My program streams vertices into the GPU and streams the rendered (and antialiased) framebuffer back.
For vertex streaming I use the technique reccomended by Rob: http://www.opengl.org/wiki/Buffer_Object_Streaming
Now I want to maximise the performance of the framebuffer readback.
This is what I currently do:
Init:
create first renderbuffer with multisampling
create a framebuffer and attach AA renderbuffer to it
create second renderbuffer without multisampling
create another frame buffer and attach non-AA renderbuffer to it
Frame start:
Bind AA framebuffer to GL_FRAMEBUFFER
Clear to white
~Draw stuff~
Frame end:
Bind non AA framebuffer to GL_DRAW_FRAMEBUFFER
Bind AA framebuffer to GL_READ_FRAMEBUFFER
Resolve AA framebuffer to non-AA using glBlitFrameBuffer
Bind non AA framebuffer to GL_FRAMEBUFFER
Bind output pixel buffer to GL_PIXEL_PACK_BUFFER
Copy non AA framebuffer to PBO using glReadPixels
Map output PBO
memcpy output image from PBO to heap alloced buffer
Unmap output PBO
~Do something with output~
Repeat
Currently my ‘do something with output’ is just saving the result to a PNG file, but later will change to storage (as a PNG) in a memory or file cache.
So what algorithms, techniques, tricks are out there for speeding this up?
Only one I have found is to have two PBO’s and ping-pong them.
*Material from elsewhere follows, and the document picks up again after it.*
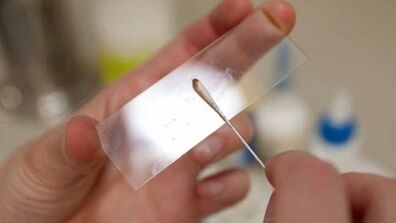 Кале анализ за идентифициране на паразити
Does using more than 2 provide more boost, or does the driver internally keep several of them when you ‘orphan’ the PBO?
What about multiple sets of framebuffer/renderbuffers?
The fastest I managed to get so far was by using several PBOs (I think it was 5).
Another interesting thing, when I tried using glBufferdata NULL before glReadPixels it was a lot slower than not using it.